Professor Christina Mitchell trained as a physician scientist specialising in clinical haematology. She received a degree in Medicine from Melbourne University and consultant training in Haematology at the Alfred Hospital, Melbourne. She graduated with a Fellowship from the Royal Australian College of Physicians and also a Fellowship in Pathology. She obtained a PhD from Monash University and her post-doctoral studies were undertaken in the field of intracellular signalling at Washington University Medical School, St Louis, USA. In 1991 she returned to Australia and became an independent investigator at the Department of Medicine, Box Hill Hospital. In 1999 she was appointed Professor and Head of the Department of Biochemistry and Molecular Biology, Monash University, while also conducting research on the newly emerging family of enzymes, inositol polyphosphate 5-phosphatases, negative regulators of PI3-kinase signalling. In 2006 Prof. Mitchell became Head of the School of Biomedical Sciences at Monash University, which is the largest School within the Faculty of Medicine. In 2011 she became the Dean of Medicine at Monash University. She currently holds a position of Academic Vice-President and Dean, Faculty of Medicine, Nursing and Health Sciences at Monash University.

The major research direction of her group is to characterise the metabolic pathways that regulate phosphoinositide signalling in human cancer. Her group was among the first to purify and clone the 5-phosphatases and to delineate the substrates for these important enzymes in cancer. More recently her group has investigated the functional role of inositol polyphosphate 3- and 4-phosphatases in various cell systems and human disease. Prof Mitchell has published her work in the prestigious scientific journals including the New England Journal of Medicine, Journal of Clinical Investigation, Proceedings of the National Academy of Science USA, The Journal of Cell Biology, Blood, Cancer Research, Human Molecular Genetics, Oncogene, Cancer Cell and many others.
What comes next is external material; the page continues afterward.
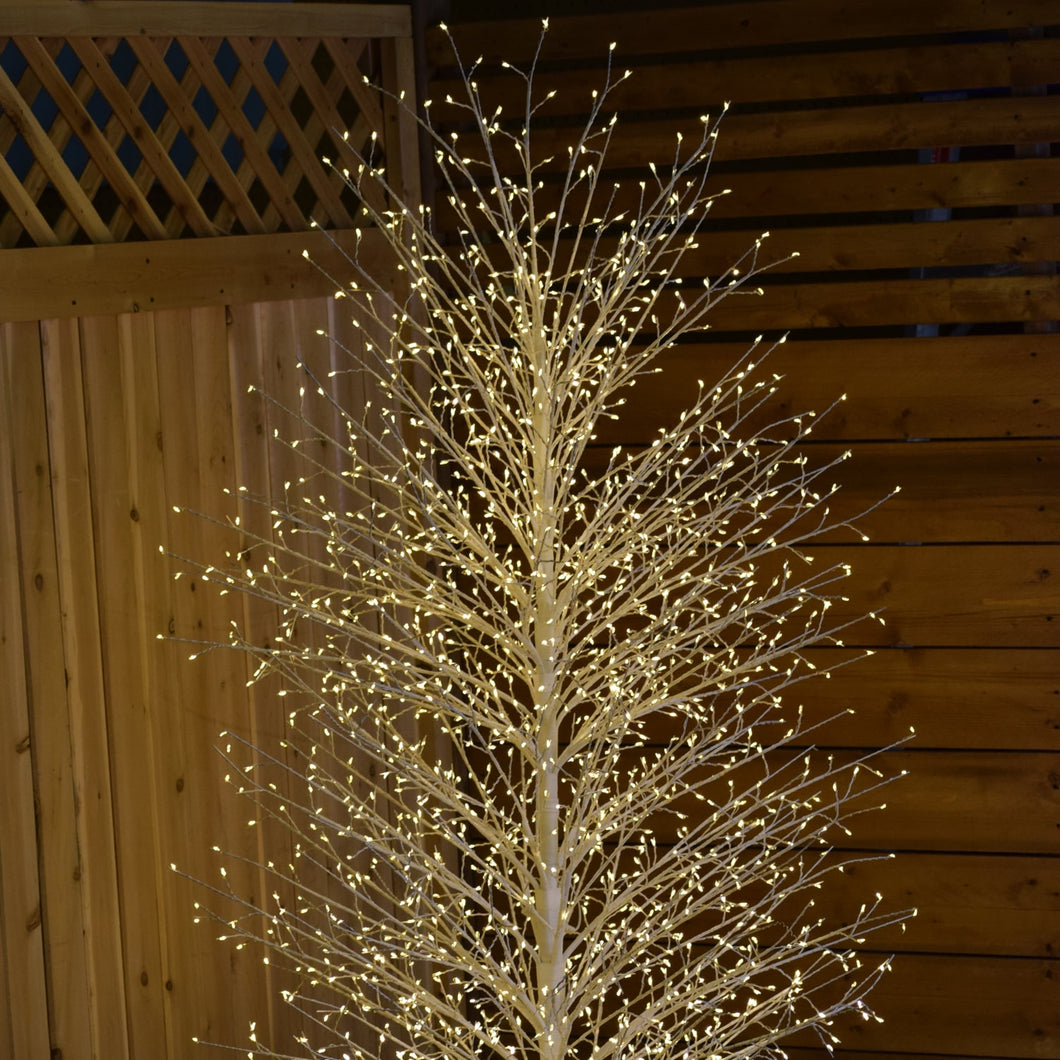 37519-S-WT - LED WHITE TREE 180CM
She has presented the group's work at many national meetings and as an invited symposium and/or plenary speaker at international meetings, including Keystone meeting, 'Lipid signalling molecules', USA, 2002; Japanese Lipid Signalling meeting, 2004; Biochemical Society Annual Symposium, "The Cell Biology of Inositol Lipids and Phosphates", Birmingham, UK, 2006; FEBS advanced course in Lipid Signalling Pathways in Italy, 2007. In 2012 she was one of three organisers of a conference on Inositide signaling hosted by the New York Academy of Sciences, New York, USA. She was also invited (fully funded) to speak at the '22nd IUBMB and 37th FEBS Conference', held in Seville, Spain in 2012. In 2013 Prof. Mitchell was invited to speak at the International conference in The Netherlands 'FHL1 related myopathies: towards an FHL1 related myopathy consortium' and in 2014 she was invited to speak at the international conference '39th Symposium on Hormone and Cell Regulation' in France. Prof Mitchell was an invited speaker at eight conferences in 2015, both national and international, most notably as the Distinguished Speaker at Beatson Institute in Glasgow, UK and at "Signalling 2015: Cellular Functions of Phosphoinositides and Inositol Phosphates" in Cambridge, UK. In addition, she has been invited to speak at "Pseudoenzymes 2016" in Liverpool, UK in 2016 and at Keystone Symposia "PI3K Pathways in Immunology, Growth Disorders and Cancer" in Santa Fe, USA in 2017.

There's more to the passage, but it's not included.